··· INFORMATION GIVEN ···
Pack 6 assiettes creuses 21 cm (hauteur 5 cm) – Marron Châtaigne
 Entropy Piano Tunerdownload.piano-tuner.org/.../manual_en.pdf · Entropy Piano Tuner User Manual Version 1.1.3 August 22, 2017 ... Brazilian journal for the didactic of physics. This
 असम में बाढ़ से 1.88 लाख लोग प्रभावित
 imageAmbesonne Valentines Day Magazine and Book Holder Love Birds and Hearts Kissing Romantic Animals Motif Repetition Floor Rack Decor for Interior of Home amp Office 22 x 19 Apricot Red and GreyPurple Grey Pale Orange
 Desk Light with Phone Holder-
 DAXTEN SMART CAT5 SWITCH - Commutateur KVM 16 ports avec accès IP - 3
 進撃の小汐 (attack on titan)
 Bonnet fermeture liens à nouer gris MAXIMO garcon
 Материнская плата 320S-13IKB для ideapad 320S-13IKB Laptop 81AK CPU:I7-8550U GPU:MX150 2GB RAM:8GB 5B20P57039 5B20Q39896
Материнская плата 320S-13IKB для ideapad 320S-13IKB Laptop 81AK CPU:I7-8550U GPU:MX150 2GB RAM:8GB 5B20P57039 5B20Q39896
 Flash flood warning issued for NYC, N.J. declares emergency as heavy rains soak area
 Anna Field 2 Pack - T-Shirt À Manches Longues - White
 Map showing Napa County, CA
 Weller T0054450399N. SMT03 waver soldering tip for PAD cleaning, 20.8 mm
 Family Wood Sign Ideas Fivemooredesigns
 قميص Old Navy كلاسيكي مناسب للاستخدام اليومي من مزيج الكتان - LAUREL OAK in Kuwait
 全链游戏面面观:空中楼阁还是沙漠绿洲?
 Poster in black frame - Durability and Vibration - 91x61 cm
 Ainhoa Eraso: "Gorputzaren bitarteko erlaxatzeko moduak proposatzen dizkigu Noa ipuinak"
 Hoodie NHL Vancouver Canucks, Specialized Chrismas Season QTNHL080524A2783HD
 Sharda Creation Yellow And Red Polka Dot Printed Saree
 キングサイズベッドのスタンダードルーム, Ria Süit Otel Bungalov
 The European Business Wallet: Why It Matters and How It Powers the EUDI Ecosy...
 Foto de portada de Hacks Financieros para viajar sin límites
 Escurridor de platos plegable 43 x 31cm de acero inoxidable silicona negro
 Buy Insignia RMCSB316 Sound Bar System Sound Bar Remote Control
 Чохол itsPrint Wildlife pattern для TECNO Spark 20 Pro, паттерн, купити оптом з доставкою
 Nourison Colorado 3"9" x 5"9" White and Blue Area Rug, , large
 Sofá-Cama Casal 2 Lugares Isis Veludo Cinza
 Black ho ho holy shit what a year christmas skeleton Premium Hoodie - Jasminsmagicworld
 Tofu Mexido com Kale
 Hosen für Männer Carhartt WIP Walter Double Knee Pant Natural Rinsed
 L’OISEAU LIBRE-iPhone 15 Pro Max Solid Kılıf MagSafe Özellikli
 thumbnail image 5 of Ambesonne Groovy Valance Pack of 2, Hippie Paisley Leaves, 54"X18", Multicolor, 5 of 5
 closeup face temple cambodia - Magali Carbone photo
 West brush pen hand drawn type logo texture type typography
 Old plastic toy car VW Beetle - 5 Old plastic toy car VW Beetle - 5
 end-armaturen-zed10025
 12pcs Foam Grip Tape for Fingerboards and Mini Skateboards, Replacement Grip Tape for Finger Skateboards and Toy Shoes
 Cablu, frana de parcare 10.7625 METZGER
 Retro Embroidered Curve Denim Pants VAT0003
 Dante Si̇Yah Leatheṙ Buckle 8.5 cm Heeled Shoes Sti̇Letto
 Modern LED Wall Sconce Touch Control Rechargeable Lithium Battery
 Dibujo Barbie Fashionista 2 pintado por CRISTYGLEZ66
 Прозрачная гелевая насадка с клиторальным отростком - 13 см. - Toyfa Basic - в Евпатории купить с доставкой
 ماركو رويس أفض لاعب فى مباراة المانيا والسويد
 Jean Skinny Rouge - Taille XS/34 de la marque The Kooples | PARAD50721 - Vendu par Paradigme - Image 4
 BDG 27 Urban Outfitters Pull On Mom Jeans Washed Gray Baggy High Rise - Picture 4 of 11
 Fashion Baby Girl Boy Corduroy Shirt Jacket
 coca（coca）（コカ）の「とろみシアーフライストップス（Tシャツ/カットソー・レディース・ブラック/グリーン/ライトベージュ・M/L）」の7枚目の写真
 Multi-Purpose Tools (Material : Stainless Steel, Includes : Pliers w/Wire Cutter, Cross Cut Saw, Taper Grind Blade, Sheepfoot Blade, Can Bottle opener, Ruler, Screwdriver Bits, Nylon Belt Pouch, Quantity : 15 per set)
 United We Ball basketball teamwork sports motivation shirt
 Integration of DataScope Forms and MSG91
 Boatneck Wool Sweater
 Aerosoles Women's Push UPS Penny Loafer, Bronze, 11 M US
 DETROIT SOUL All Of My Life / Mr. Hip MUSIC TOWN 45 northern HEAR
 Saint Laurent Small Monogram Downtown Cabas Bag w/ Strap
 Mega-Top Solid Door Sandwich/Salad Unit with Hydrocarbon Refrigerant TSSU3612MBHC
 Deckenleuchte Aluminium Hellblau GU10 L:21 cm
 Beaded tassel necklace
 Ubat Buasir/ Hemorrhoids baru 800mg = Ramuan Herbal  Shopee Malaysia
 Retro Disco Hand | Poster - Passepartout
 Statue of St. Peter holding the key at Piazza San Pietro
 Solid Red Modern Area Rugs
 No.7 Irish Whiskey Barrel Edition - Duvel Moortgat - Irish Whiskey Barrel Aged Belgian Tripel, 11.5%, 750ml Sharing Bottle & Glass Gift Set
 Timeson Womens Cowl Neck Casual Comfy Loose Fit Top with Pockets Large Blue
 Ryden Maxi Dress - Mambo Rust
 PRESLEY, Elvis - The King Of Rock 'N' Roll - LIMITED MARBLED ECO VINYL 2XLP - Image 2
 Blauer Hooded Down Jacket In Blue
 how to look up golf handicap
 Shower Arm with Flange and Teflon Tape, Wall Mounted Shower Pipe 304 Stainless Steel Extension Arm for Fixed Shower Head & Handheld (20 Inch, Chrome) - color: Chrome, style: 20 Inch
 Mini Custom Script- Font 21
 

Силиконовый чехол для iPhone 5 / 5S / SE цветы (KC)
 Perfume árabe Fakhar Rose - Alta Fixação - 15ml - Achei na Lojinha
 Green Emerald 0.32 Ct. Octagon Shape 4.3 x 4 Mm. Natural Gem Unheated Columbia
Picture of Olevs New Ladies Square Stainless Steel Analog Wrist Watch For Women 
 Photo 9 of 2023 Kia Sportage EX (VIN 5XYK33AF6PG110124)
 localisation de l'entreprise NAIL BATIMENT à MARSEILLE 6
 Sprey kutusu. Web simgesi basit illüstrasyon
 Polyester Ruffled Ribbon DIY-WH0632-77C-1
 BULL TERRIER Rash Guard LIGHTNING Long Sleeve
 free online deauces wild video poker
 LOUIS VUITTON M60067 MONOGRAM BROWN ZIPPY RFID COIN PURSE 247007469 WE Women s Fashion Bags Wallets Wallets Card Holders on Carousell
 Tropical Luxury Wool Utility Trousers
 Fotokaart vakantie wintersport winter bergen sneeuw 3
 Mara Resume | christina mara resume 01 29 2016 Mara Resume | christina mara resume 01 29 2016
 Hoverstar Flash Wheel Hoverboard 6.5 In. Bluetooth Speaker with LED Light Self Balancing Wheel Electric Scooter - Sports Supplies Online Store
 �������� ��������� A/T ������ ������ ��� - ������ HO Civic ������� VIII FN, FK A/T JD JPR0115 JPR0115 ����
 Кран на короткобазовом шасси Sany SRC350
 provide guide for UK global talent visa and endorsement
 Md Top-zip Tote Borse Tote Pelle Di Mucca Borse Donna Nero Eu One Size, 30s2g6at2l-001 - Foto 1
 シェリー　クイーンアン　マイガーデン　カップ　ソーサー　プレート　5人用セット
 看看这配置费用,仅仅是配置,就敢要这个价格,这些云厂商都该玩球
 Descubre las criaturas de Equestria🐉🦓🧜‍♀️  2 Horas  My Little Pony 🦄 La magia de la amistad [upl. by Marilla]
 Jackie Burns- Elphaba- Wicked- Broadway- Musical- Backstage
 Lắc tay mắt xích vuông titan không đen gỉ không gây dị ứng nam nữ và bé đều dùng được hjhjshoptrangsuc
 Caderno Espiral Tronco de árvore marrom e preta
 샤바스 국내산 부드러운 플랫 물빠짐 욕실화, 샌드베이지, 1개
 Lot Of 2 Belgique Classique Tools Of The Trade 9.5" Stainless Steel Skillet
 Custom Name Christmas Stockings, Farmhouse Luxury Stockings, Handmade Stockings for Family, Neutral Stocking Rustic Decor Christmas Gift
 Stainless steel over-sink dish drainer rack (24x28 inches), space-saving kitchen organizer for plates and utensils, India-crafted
···
EXERCISE GOAL:
Above are the records; from them, give again exactly the lines from the one containing "Bonnet fermeture liens" through the one containing "closeup face temple", both included.

SOLUTION TO THIS PROBLEM:
 Bonnet fermeture liens à nouer gris MAXIMO garcon
 Материнская плата 320S-13IKB для ideapad 320S-13IKB Laptop 81AK CPU:I7-8550U GPU:MX150 2GB RAM:8GB 5B20P57039 5B20Q39896
Материнская плата 320S-13IKB для ideapad 320S-13IKB Laptop 81AK CPU:I7-8550U GPU:MX150 2GB RAM:8GB 5B20P57039 5B20Q39896
 Flash flood warning issued for NYC, N.J. declares emergency as heavy rains soak area
 Anna Field 2 Pack - T-Shirt À Manches Longues - White
 Map showing Napa County, CA
 Weller T0054450399N. SMT03 waver soldering tip for PAD cleaning, 20.8 mm
 Family Wood Sign Ideas Fivemooredesigns
 قميص Old Navy كلاسيكي مناسب للاستخدام اليومي من مزيج الكتان - LAUREL OAK in Kuwait
 全链游戏面面观:空中楼阁还是沙漠绿洲?
 Poster in black frame - Durability and Vibration - 91x61 cm
 Ainhoa Eraso: "Gorputzaren bitarteko erlaxatzeko moduak proposatzen dizkigu Noa ipuinak"
 Hoodie NHL Vancouver Canucks, Specialized Chrismas Season QTNHL080524A2783HD
 Sharda Creation Yellow And Red Polka Dot Printed Saree
 キングサイズベッドのスタンダードルーム, Ria Süit Otel Bungalov
 The European Business Wallet: Why It Matters and How It Powers the EUDI Ecosy...
 Foto de portada de Hacks Financieros para viajar sin límites
 Escurridor de platos plegable 43 x 31cm de acero inoxidable silicona negro
 Buy Insignia RMCSB316 Sound Bar System Sound Bar Remote Control
 Чохол itsPrint Wildlife pattern для TECNO Spark 20 Pro, паттерн, купити оптом з доставкою
 Nourison Colorado 3"9" x 5"9" White and Blue Area Rug, , large
 Sofá-Cama Casal 2 Lugares Isis Veludo Cinza
 Black ho ho holy shit what a year christmas skeleton Premium Hoodie - Jasminsmagicworld
 Tofu Mexido com Kale
 Hosen für Männer Carhartt WIP Walter Double Knee Pant Natural Rinsed
 L’OISEAU LIBRE-iPhone 15 Pro Max Solid Kılıf MagSafe Özellikli
 thumbnail image 5 of Ambesonne Groovy Valance Pack of 2, Hippie Paisley Leaves, 54"X18", Multicolor, 5 of 5
 closeup face temple cambodia - Magali Carbone photo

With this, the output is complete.